Grammostola Rosea wrote:
> frank pirrone wrote:
>   
>> Grammostola Rosea wrote:
>>     
>>> frank pirrone wrote:
>>>  
>>>       
>>>> Olivier Guilyardi wrote:
>>>>      
>>>>         
>>>>> garry.ogle at tiscali.co.uk wrote:
>>>>>            
>>>>>           
>>>>>> frank pirrone wrote:
>>>>>>
>>>>>>                  
>>>>>>             
>>>>>>> I'd also look into Gramofile:
>>>>>>> for pop/click filtering and automatic breaking of a continuous 
>>>>>>> recording into "tracks" or songs.  It can be used for 
>>>>>>> post-processing the recordings you make.
>>>>>>> I'd also look into Gramofile:
>>>>>>>                         
>>>>>>>               
>>>>>> I'd recommend gnome-wave-cleaner for post-processing:
>>>>>>
>>>>>> http://gwc.sourceforge.net/
>>>>>>                   
>>>>>>             
>>>>> +1 for Gnome Wave Cleaner. I successfully digitalized 50+ years old 
>>>>> persian
>>>>> music LP's using this app.
>>>>>
>>>>> -- 
>>>>>   Olivier
>>>>> _______________________________________________
>>>>>             
>>>>>           
>>>> Yeah, me too.  It's a fine program, but my reason for referring the 
>>>> OP to Gramofile was primarily its functionality for breaking a 
>>>> continuous recording into individual tracks or songs based upon the 
>>>> silence between as delimiter.
>>>> Anyone have another program recommendation for that operation?
>>>>
>>>> Of course it's easy enough to manually split a waveform where one 
>>>> tune ends and another begins, but if one were digitizing an entire 
>>>> record collection that would be beyond onerous.  Also DAO can 
>>>> certainly handle impressing that continuous recording onto optical 
>>>> media, but that's not the same as having individual files - for any 
>>>> of a number of purposes.
>>>>
>>>>
>>>>       
>>>>         
>>> Thanks all.

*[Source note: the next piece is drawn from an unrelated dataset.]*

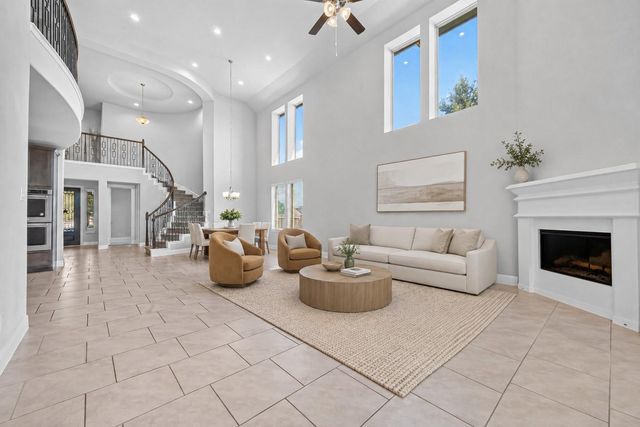 3514 Hampton Landing Court, Katy, TX 77494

Interesting suggesting Frank...
>>>
>>> Btw. Does it matter for quality what soundcard is used?
>>>
>>>   
>>>       
>> Not in my experience.  It's not a demanding audio task.  Others may 
>> report differently. 
>>     
> Can someone confirm or reject this thesis?
Going back a few years I digitised a set of LPs using a SoundBlaster 16 
card with a consumer Technics turntable, amplified by an ancient Inkel 
MX-1810 mixer, hooked up to the line-in socket of the SB16 with a 3.5mm 
jack.

Sounded surprisingly good given the bodged setup!

Obviously you will get better sound quality with a decent sound card, 
but depending on your source, you can get away with a cheap sound card. 
I don't recommend motherboard onboard sound chips though. They usually 
pick up a lot of digital noise from the computer.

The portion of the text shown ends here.